Jerry drove around the block a few times, and after the fourth or fifth time—Morris had lost count—the silly little parking-enforcement vehicle was gone. Jerry edged right back into the spot where they were initially.
“The motorcycle’s gone,” Morris said.
Jerry was distracted as he straightened the wheels of the Honda. “What?”
“The motorcycle? The whole reason we’ve been sitting in this hole of a neighborhood for the past three hours listening to the radio when we could have been in a nice warm bar having a cold beer?” Morris pointed. “It’s gone.”
Jerry looked around. “Shit. We lost them.”
“You think?”
“You shut up or I’ll frigging leave you here.”
There was another tap on the car window, this time on Morris’s side. In the dark it was hard to see who it was, but Morris was guessing the damn meter maid had come back.
He rolled down his window. It was harder than it should have been because Jerry’s piece-of-crap car didn’t have power windows. The handle groaned in protest.

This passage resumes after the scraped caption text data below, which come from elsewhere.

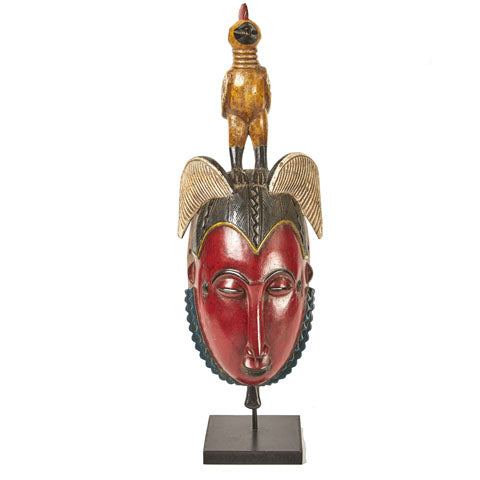 Baule Colored Mask on stand 02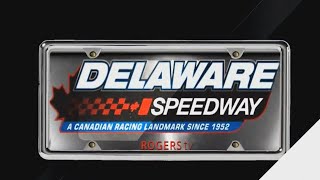 Delaware Speedway Racing on Rogers tv September 13th 2024  Rogers tv [upl. by Enaujed]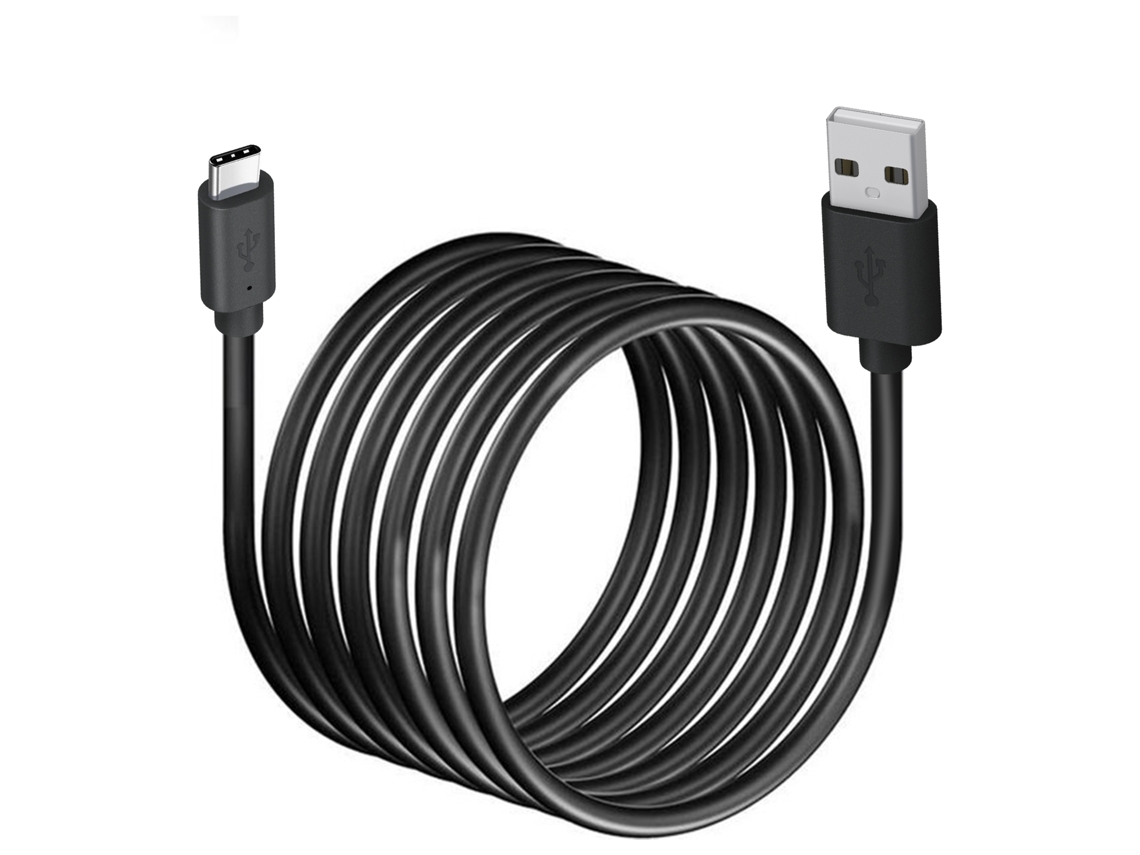 Motorola Cabo USB USB original para USB-C 1m Preto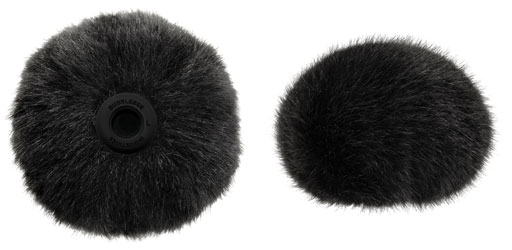 BUBBLEBEE WINDBUBBLE PRO EXTREME WINDSHIELDS Large, for 11.5-14mm diameter lav, black (pack of 2)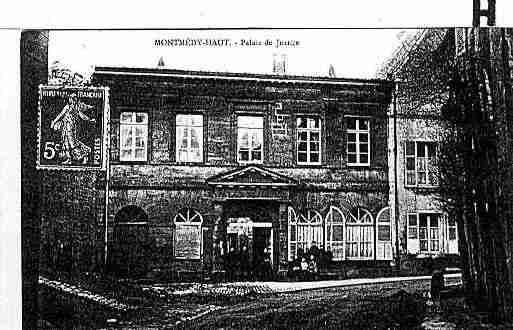 Ville de MONTMEDY Carte postale ancienne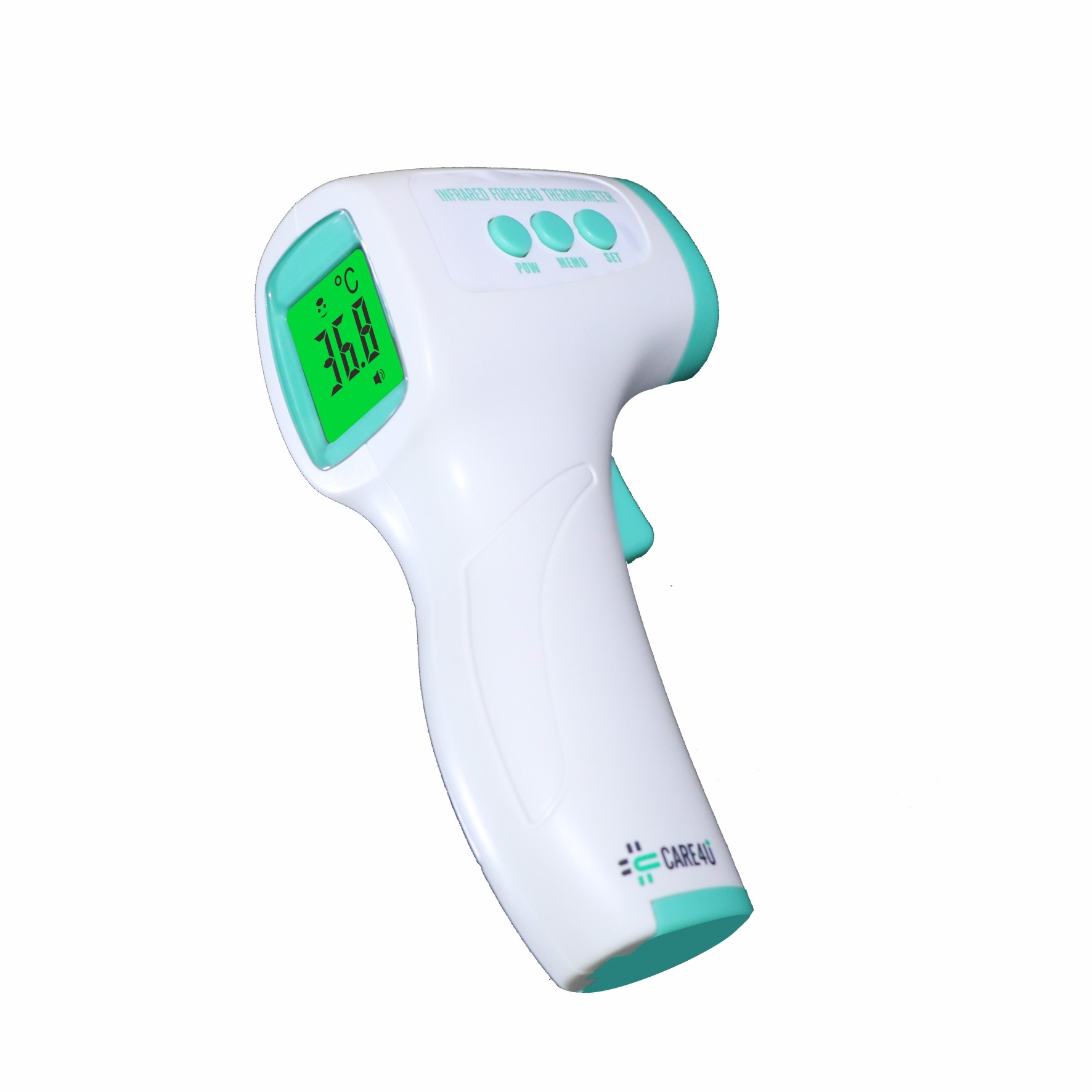 Household Forehead Medical Infrared Thermometer Buzzer 30DB
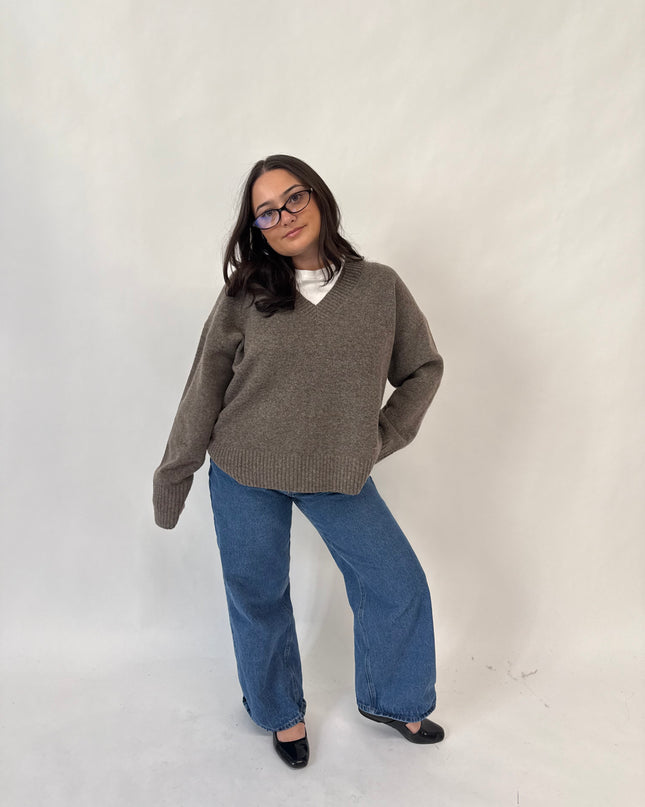 Hazel V Neck Sweater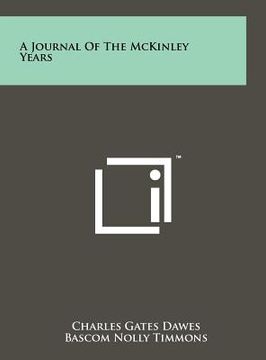portada a journal of the mckinley years (en Inglés)
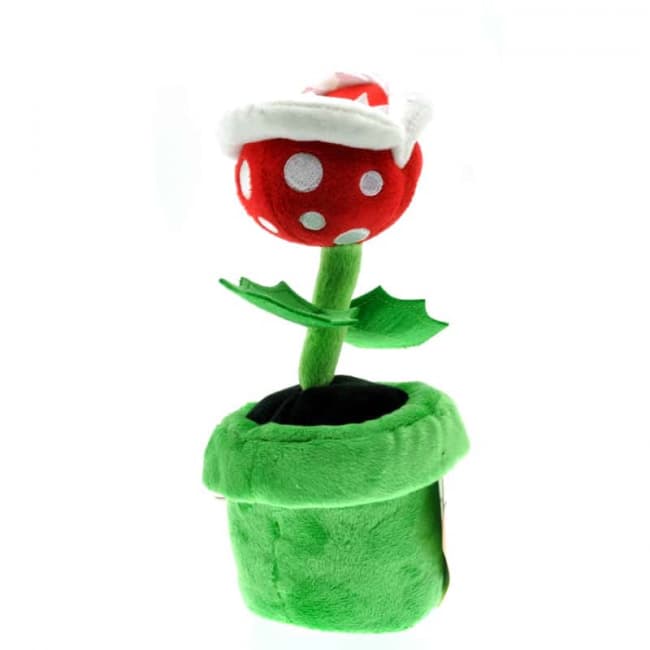 piranha plant plush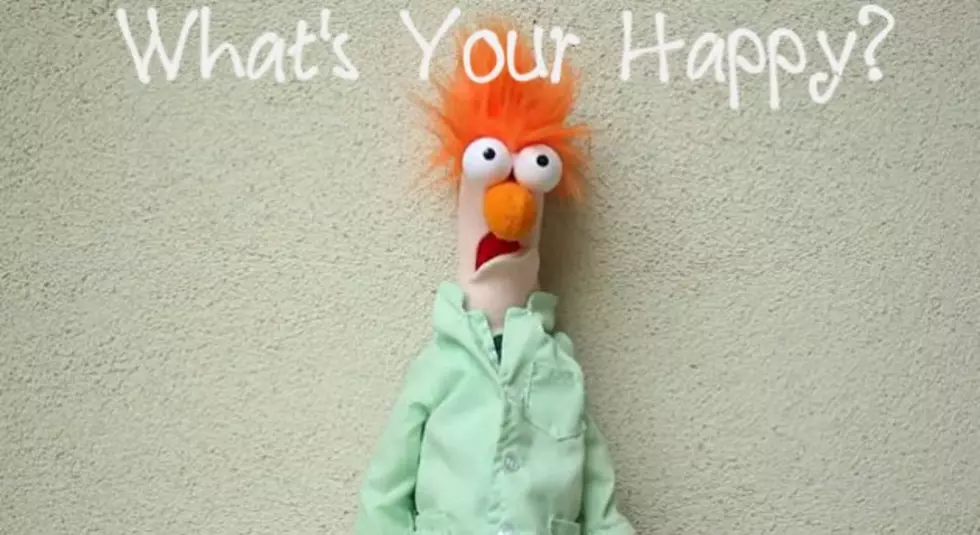 What&#8217;s Your Happy?  Simple Question, Complex Answer. [Video]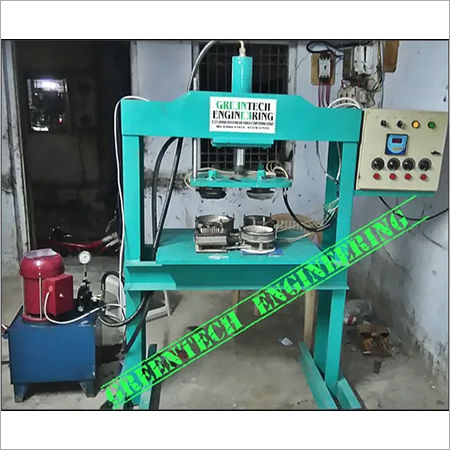 Automatic Paper Dish Making Machine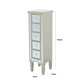 Vienna Dark Champagne 5 Drawers Tallboy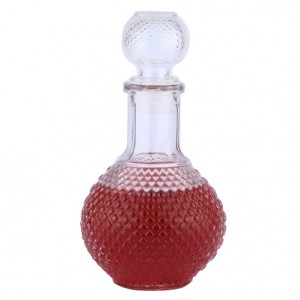 China Round shape wine bottle Manufacturer and Company | QLT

A face blacker than Jerry’s stared in at Morris. The man was covered in grime and he smelled like a garbage can, only much worse, because he also smelled like feces and urine. His hair, a snaked mess of dreadlocks, hung down inside the Accord’s window. He was smiling.
“We got no money. Move on now.” Jerry elbowed Morris, not bothering to lower his voice. “Roll the window back up. It stinks in here.”
“I ain’t ask for none.” The homeless man’s breath could have killed an elephant. His voice was a deep baritone.
“What do you want?” Morris asked.
“I got some information for you.”
“About?”
“About the white dude you was followin’.”
Morris and Jerry exchanged a look. “Who says we were following anyone?” Jerry said.